溯源侵蚀[1-7]是黄土地区沟谷发育演化的主要形式。陈绍宇等[8-9]将沟头溯源侵蚀划分为水力冲刷型、裂缝诱发型、陷穴诱发型和人为诱发型等4种类型;史倩华等[10]采用模拟降雨和放水冲刷的方法,研究集水区不同坡度和不同流量对黄土地区沟头溯源侵蚀过程和孔隙水压力特征值的影响规律;张科利[11]通过黄土坡面径流冲刷试验对细沟水力学特性进行了研究;沙际德等[12]通过室内模拟试验等手段,从水力学及能耗等方面深入了解细沟的水力学特征;张光辉[13]通过变坡水槽实验探寻不同坡度条件下的薄层水流水动力学特性;覃超等[14]在三维倾斜测量的基础上,通过人工模拟不同流量和坡度径流冲刷,根据其不同条件下的产沙特征,得出溯源侵蚀下沟头变化与产沙规律。

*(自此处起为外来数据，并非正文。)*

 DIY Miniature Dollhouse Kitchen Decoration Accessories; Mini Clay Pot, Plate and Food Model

现场试验对于深化黄土边坡侵蚀特性的认识具有重要意义,但以往研究多基于室内试验,模型及试验条件过于理想化,与实际情况相差较大。鉴于此,文章在前人研究的基础上,进行现场冲刷试验,旨在了解一定条件下的坡面冲刷情况,并对坡面流水动力学特性及产沙机理进行分析[15-17],从而对铁路路基和边坡的防护提供指导[18-19]。
1. 试验基本目的
董志塬地区发生溯源侵蚀[20]的沟头上方汇水面积巨大,由此产生了很大的径流量,给坡面及沟头造成很大的破坏。调查中汇水面积非常难测量,基于当地气候及降雨因素分析,利用体积法拟定坡面冲刷流量,通过若干扁平软管从坡顶对原状黄土坡面直接给水进行冲刷试验,研究董志塬地区土体在特定水动力条件下,坡面水动力参数与边坡地形地貌的关系、坡面侵蚀产沙机理,并确定侵蚀启动的水动力和斜坡结构条件。

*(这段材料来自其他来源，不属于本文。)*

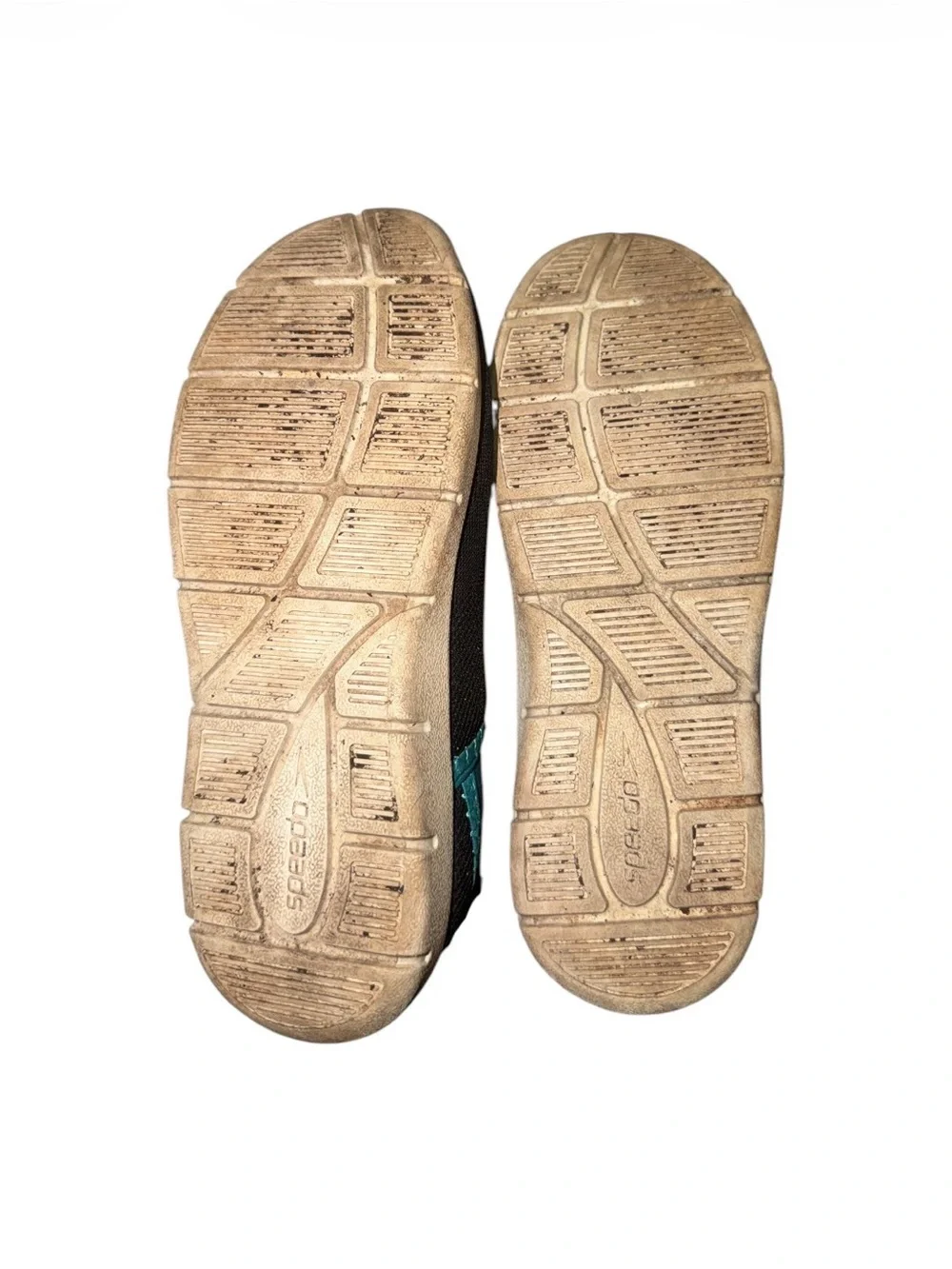 Speedo Black & Teal Slip-On Water Shoes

现场试验选在董志塬庆阳市西峰区隧道口护坡上(图1)。该段表层黄土结构疏松,孔隙发育,均为自重湿陷性黄土场地,湿陷等级多为Ⅲ~Ⅳ级。勘探揭示,试验区表层为深厚第四系上、中更新统黄土覆盖,下伏新近系上新统泥岩,基底为白垩系砂岩夹泥岩,铁路工程设置主要位于黄土层中。银西高铁对董志塬段黄土进行了大量取样试验工作,试验组数6800组,统计表明[21]:上更新统黄土天然含水率在16.17%~19.32%,塑性指数在10.27~11.73,内摩擦角为21.26°~22.45°,黏聚力为28.33~30.04 kPa。
2. 现场试验设计
2.1 基本测试项目
试验现场基本测试项目:径冲刷流量、冲刷流速、泥沙冲刷量、冲沟几何形态等。
径冲刷流量通过在试验槽末端安置集流桶,用体积法测定。冲刷流速测定是在坡面槽的标记点处设置测流断面,采用高锰酸钾作为示踪剂,通过DIC摄影机连续拍照来近似计算坡面流速,重复测速3~5次,获取其平均值,得出断面间平均流速。泥沙冲刷量在坡底收集冲刷的泥沙,并记录水流量,两者相比即可得到单位流量水体的含泥沙率。另外,冲沟几何形态用卷尺测量。
2.2 试验设计
依据现场实际坡面及试验器材,绘制试验基本模型如图2所示,坡长2.5 m、宽12.5 m,图2中涉及到的器材主要有蓄水箱、水泵、消防水带、4寸软水管、可控流量阀门、压力表、20 cm宽的扁形状出水口、导流板(分割坡面为小的区域并用于径流模拟)、DIC摄影机。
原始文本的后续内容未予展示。